In summary, there are learning activities that are highly engaging and provide a strong component of meaningful engagement without having to introduce a cognitively costly secondary task relying on the motor system or complex activity routines. The mental activities outlined in this section pose a challenge for accounts of learning by doing that emphasize the motor aspect of learning. Research on mental activities such as imagining or predicting provides evidence for the claim that activity-based learning should not be narrowly focused on introducing motor activity or secondary tasks, but rather on engaging learners while avoiding extraneous cognitive load. Activities that do not fit the stereotype of “learning by doing” due to their omission of motor activity and other more elaborate interactions with the environment highlight that the optimization of learning activities by avoiding demanding secondary tasks may be a promising direction.
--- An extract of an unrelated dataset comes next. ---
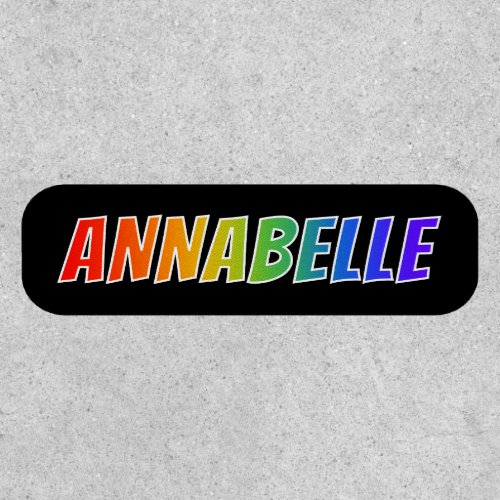 First Name ANNABELLE  Fun Rainbow Coloring Patch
In addition, recent research revealed evidence regarding the effectiveness of combining minor motor activities such as tracing and mental activities such as imagining (Wang et al., 2022). The results of that study suggest that the combination of tracing for a first set of problems and tracing with closed eyes (i.e., imagining) for the rest of the task can reduce problem-solving times compared to not using tracing and imagining during the acquisition of knowledge using worked examples in the context of mathematics.

Summary

Summarizing the theoretical approaches to complex and generative activity–based learning, which could be considered the prime candidate for what is commonly referred to as “learning by doing,” it becomes apparent that increasing the complexity of learning activities raises the risk for cognitively overwhelming learners. In the case of learning by drawing, it has been found that simplifying the drawing task can have a positive effect (e.g., Fiorella & Zhang, 2018). However, it has also been revealed that using instructor-generated visuals still often outperforms letting learners generate their own drawings (e.g., Ploetzner & Fillisch, 2017). Similarly, as summarized above, learning by teaching can also result in cognitive costs without providing adequate cognitive benefits, in particular due to the social dimension of teaching with the potential to complicate the task. Cognitive load stemming from learners being cognitively overwhelmed by the social situation of teaching other students can be avoided by reducing the number of people that are to be taught by learners, for instance by letting them teach towards a webcam (Wang et al., 2023).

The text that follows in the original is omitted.